Navajo Loop Trail (1.4-miles) - Easily the most popular hike in the park, the Navajo Loop Trail is a perfect way to see the essence of Bryce Canyon. Hikers will start their trip at the top of Sunset Point before descending through Wall Street and the Silent City. The hike finishes at the top of Peekaboo Loop Trail. For those looking to extend the hike, be sure to continue on the Queen’s Garden Loop Trail located at the bottom of the Navajo Loop. 

Bristlecones Loop Trail (1-miles) - One of the many unique features of Bryce Canyon National Park is it’s Bristlecone Pine Trees. Starting at Rainbow Point, this kid-friendly hike takes hikers along the rim and provides great views of the trees. Hikers should be on the lookout for wildlife, as the trees provide the perfect habitat for species of birds and other creatures. 

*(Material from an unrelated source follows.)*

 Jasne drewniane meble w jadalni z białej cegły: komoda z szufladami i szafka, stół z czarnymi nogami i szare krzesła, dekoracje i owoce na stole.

Peek-a-Boo Loop Trail (5.5-miles) - For hikers that want to get a great look at the mysterious hoodoo formations, this is the hike. This hike descends approximately 1,500 feet in elevation so be sure to wear comfortable hiking shoes. This is the perfect day hike for those looking to hike along a less-crowded trail. 

Riggs Spring Loop Trail (8.8-miles) - One of the longer routes available, Riggs Springs lets backpackers hike along the famous Pink Cliffs within the Southern side of the park. Done as a day-hike or a leisurely backpacking trip, this trail is a great way to see the backcountry of Bryce Canyon. The trail offers three different campsites along the way where hikers can camp overnight or hang out for lunch. This trail can typically be done in 4-5 hours and is often less crowded. 

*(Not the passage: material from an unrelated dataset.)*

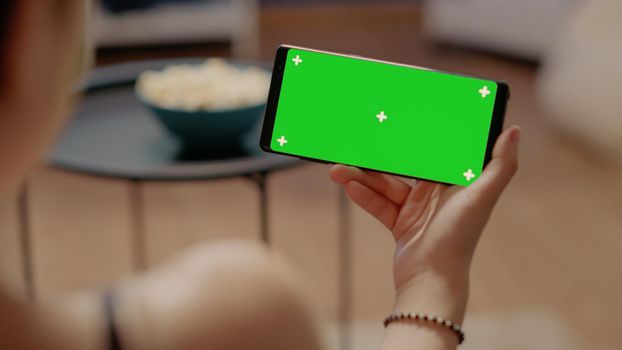 Close up of horizontal smartphone with green screen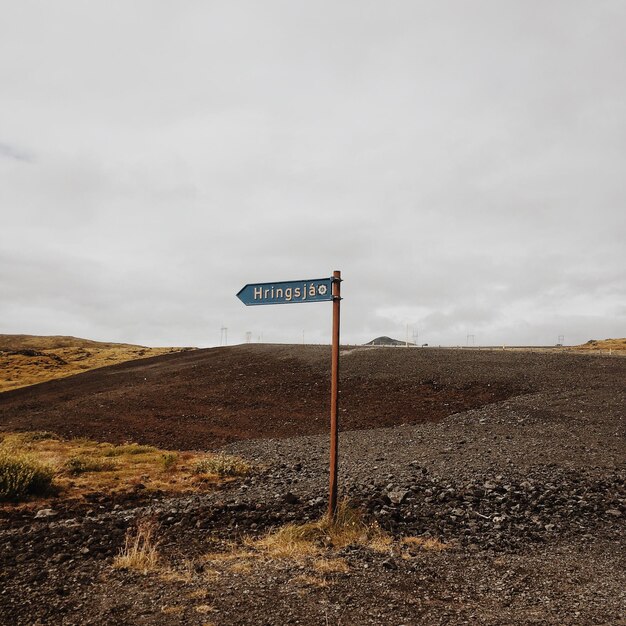 Photo road sign on field against sky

Hat Shop (4-miles) - One of the most strenuous hikes in the park, Hat Shop gives hikers a unique view of white rocks perches atop the hoodoo formations. The trail descends abruptly and is only recommended for those in excellent shape. Hikers should take their time while hiking this trail because the views are stunning. Hikers can expect to catch views over the Paria River Valley and Kaiparowits Plateau. 

With the reopening of the parks, the foot-traffic in Bryce Canyon National Park is expected to jump drastically. For those visiting, be sure to plan your trip prior and pack properly. Although there are plenty more hikes in Bryce Canyon, we believe that these are some of the best.